# [Try it]
Extract each line holding the word "Metal" from the entries.
═══ Data shown
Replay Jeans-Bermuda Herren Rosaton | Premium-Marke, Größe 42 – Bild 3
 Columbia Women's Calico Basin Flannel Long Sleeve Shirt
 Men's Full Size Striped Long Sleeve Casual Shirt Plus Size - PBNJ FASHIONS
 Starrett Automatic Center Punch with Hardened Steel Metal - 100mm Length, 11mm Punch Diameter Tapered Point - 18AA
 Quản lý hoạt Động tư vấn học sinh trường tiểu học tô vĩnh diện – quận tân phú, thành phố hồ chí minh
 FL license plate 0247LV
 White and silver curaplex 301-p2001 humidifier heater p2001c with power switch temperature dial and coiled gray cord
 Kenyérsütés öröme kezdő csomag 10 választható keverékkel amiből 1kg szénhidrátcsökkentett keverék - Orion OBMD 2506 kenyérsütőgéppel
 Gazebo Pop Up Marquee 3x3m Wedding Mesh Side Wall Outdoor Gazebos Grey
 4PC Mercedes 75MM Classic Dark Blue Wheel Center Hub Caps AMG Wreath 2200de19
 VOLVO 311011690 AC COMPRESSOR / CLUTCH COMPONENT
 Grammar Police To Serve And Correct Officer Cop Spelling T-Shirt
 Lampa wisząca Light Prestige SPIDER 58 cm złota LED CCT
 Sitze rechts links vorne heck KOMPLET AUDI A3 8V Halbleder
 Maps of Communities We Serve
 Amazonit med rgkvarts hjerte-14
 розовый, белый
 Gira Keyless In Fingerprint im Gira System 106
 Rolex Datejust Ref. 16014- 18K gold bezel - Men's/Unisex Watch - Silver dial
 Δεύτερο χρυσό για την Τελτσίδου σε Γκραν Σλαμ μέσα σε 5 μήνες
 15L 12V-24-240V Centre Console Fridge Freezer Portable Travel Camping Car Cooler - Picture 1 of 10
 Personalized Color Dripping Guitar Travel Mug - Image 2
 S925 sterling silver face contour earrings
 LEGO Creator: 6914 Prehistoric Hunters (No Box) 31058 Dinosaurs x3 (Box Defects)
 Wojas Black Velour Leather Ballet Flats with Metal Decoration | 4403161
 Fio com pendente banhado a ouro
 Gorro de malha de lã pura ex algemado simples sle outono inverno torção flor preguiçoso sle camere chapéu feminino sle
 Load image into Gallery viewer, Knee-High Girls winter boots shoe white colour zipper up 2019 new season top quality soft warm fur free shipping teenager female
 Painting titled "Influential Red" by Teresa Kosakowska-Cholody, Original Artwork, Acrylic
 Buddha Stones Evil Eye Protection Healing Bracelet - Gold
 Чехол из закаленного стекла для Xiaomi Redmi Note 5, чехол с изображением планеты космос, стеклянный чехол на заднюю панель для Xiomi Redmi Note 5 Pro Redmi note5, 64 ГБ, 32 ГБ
══════
# [Answer to this task]
 Starrett Automatic Center Punch with Hardened Steel Metal - 100mm Length, 11mm Punch Diameter Tapered Point - 18AA
 Wojas Black Velour Leather Ballet Flats with Metal Decoration | 4403161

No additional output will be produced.